Despite the recent slowdown, housing finance data highlights that investor activity in the housing market is starting to rise again and when you look at total returns from housing it’s no surprise.
The CoreLogic RP Data Accumulation Index which has been published since June 2009 highlights the total returns from residential property. The total returns include both the increase in values as well as gross rental returns.
The first chart shows the annual change in the total returns (accumulation) index over time. While combined capital city home values recorded longer and deeper falls during 2011-12, total returns were negative for only a short period of time thanks to the uplift from rental yields. More recently you can see that the annual change in total returns across the combined capital cities has remained quite strong.

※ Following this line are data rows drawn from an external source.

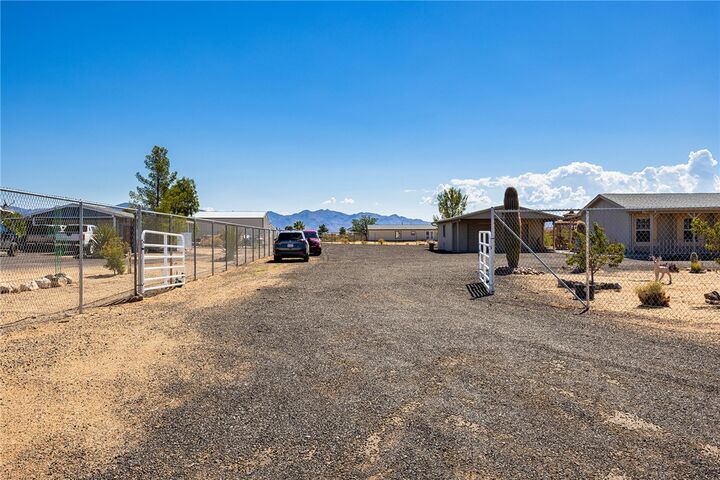 Property Photo: 4206 N Cordes Road AZ 86413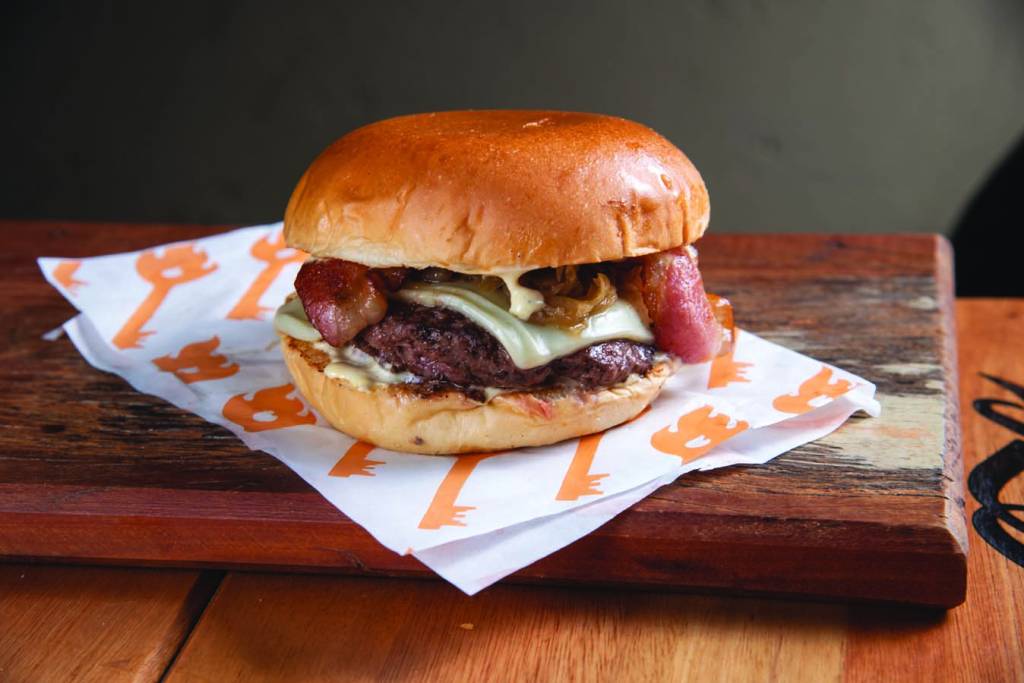 Firedoor Burger tem hambúrgueres em conta na Chácara Santo Antônio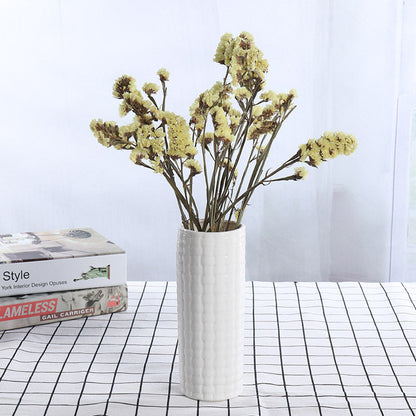 Elegante gedrehte keramische Blumenvase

Combined capital city annual changes in total returns for houses and units
Over the 12 months to May 2016, combined capital city home values have increased by 10.0% while total returns have been recorded at a higher 13.9%. Looking at the individual capital cities, all cities except for Perth have recorded positive total returns over the past year. Sydney and Melbourne which have been the most active investment markets have seen the highest total returns at 16.9% and 17.5% respectively over the past twelve months. It should be noted that gross rental returns in both of these cities are now at record lows highlighting that the majority of these returns have come via an increase in home values.
Annual change in capital city total returns, 12 months to May 2016
The third chart highlights the total returns over the past five years across all capital cities. Again, Sydney in particular, has seen far superior total returns compared to all other capital cities. Melbourne has also experienced relatively strong total returns over the past five years. Again this highlights why these two cities in particular have remained so popular with investors. In all other capital cities returns from residential property have been positive. In many of these cities the total returns have been driven more so by the rental returns rather than the capital growth which has been the key driver in Sydney and Melbourne.
5 year total change in total returns, to May 2016
Despite the recent rebound in value growth, the mature capital growth cycle and record low rental returns in Sydney and Melbourne, total returns are unlikely to be as strong in these cities over the coming years. A more balanced investment approach which focusses on moderate capital growth and relatively strong rental returns is likely to be a superior housing investment profile over the coming years. This data also highlights why housing investment has been so popular. In a low interest rate and subsequently low return environment housing has, over recent years, offered attractive returns. Whether this continues to be the case remains to be seen.